NCSE Summer Meeting

From the 26th June to 29th June, at Kent we hosted the 7th NCSE summer meeting. We hosted 37 statisticians and ecologists from across the UK and beyond.

On Monday Byron gave a talk on a stochastic dynamic model for longitudinal butterfly data, Ming presented work on the use of penalised likelihood to improve estimation in removal models, Alex talked about a Polya Tree based model for counts of unmarked individuals in an open population and Eleni gave a talk on modelling temporary emigration using a Bayesian nonparametric changepoint process for capture-recapture data. On Tuesday  Diana presented work on problems with using data cloning to investigate identifiability. On Wednesday Marina talked about integrated population models incorporating spatial information and Takis presented work on estimation of roe deer population density in a mountainous Mediterranean area using hierarchical distance sampling. The full program of talks and abstracts can be found at http://tiny.cc/ncsemeeting.



Statistics Gone Wild

On 23rd June the SE@K group hosted 110 school pupils in years 7 to 9 at the event Statistics Gone Wild.

The event started with an introduction, on counting animals, given by Diana, where each of the students were given animal cards representing one of the above six species. (More information on the research done on these six species is given here  http://blogs.kent.ac.uk/seak/2017/05/22/statistics-gone-wild-animals/)

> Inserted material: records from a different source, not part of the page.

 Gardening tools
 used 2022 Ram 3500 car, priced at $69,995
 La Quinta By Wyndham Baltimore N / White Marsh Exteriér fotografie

There were then 3 interactive sessions:

–Capture-Recapture (throwing birds in the air) given by Alex;

–Occupancy Modelling (looking for hidden penguins) given by Marina;

–Removal Modelling (digging for lizards in the sand) given by Ming.

The day ended with an interactive quiz, given by Eleni.


Thank you to Joe Watkins for organizing and running the day, thank you to the 3 ambassadors, John, Kezia & Patrick, for their support throughout the day. And thank you to Kerry, Judith and Amy for their admin support.


NERC Advanced Training Course

Statistical models for wildlife population assessment and conservation

19-23 March 2018

University of Kent

Further details of the workshop and details of how to apply for a place can be found here:


Please note that the deadline for applications is 1st October 2017.  Successful applicants will be informed in early September.

We have 30 fully-funded places (inc. travel and accommodation) and priority is given to NERC-funded PhD students but if spaces remain we are able to offer the funded places to other PhD students and early-career researchers.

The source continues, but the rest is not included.